*Information shown*.
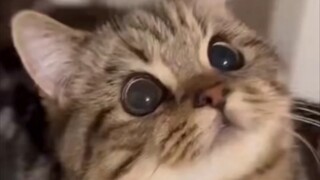 "Wow, fur can be waterproof too!"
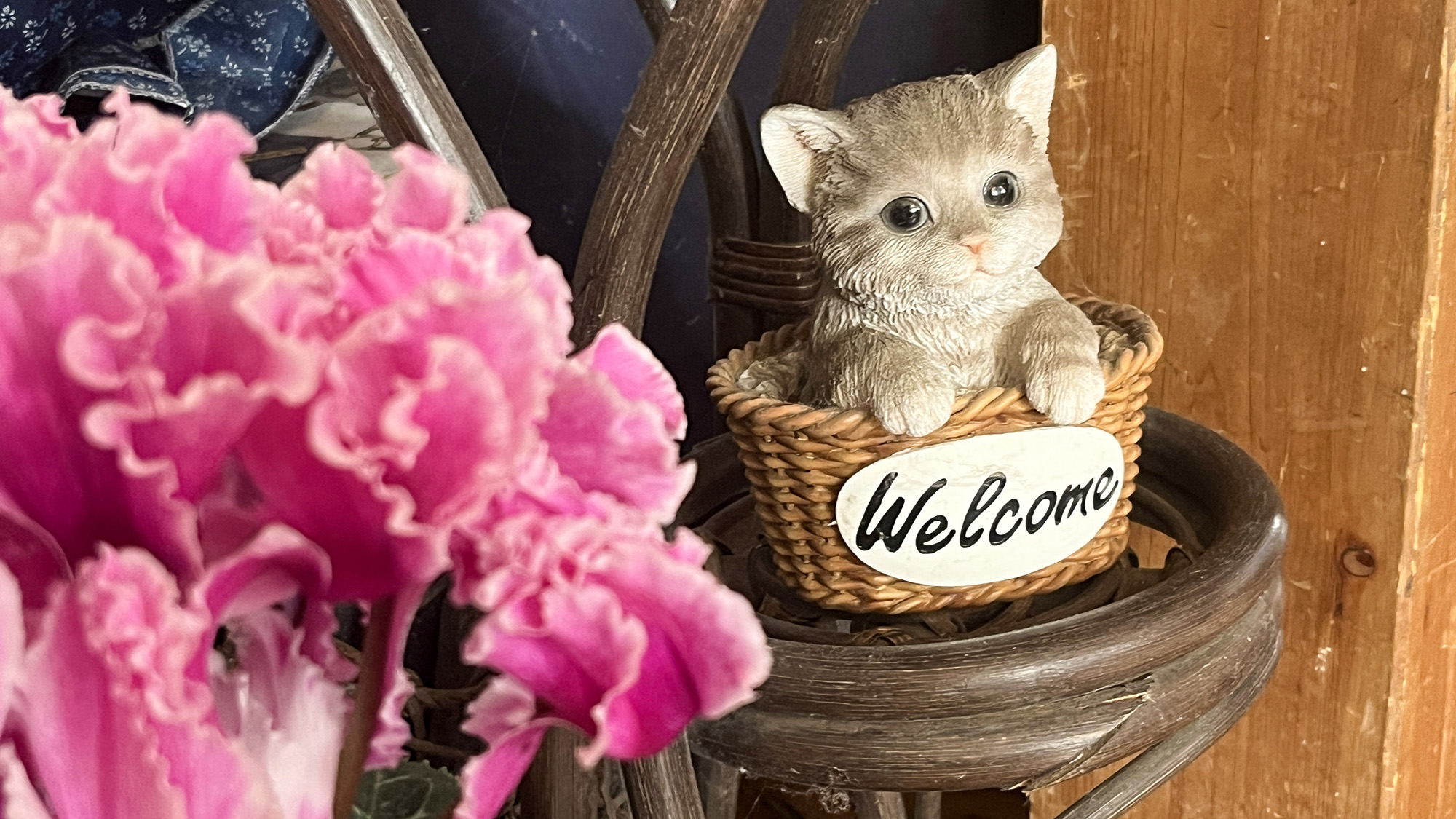 #昔ながらの小物に囲まれた、あたたかな館内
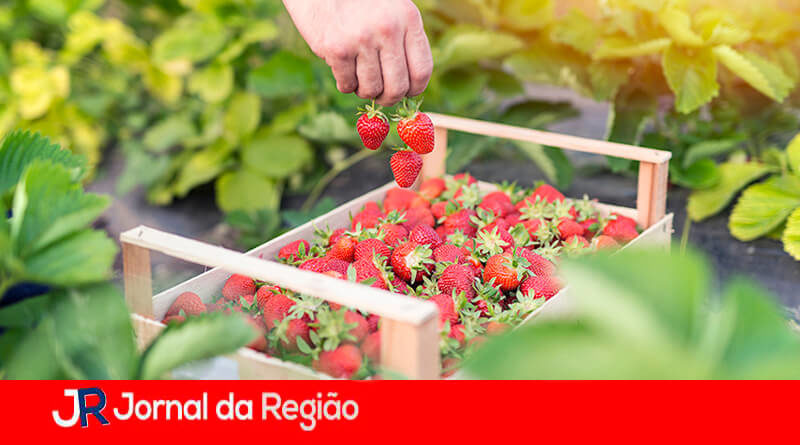 Festa do Morango em Jarinu. (Foto: Divulgação)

*Task instructions*. Retype the listing verbatim, minus every image.

*Exercise response*.
 "Wow, fur can be waterproof too!"
 #昔ながらの小物に囲まれた、あたたかな館内
 Festa do Morango em Jarinu. (Foto: Divulgação)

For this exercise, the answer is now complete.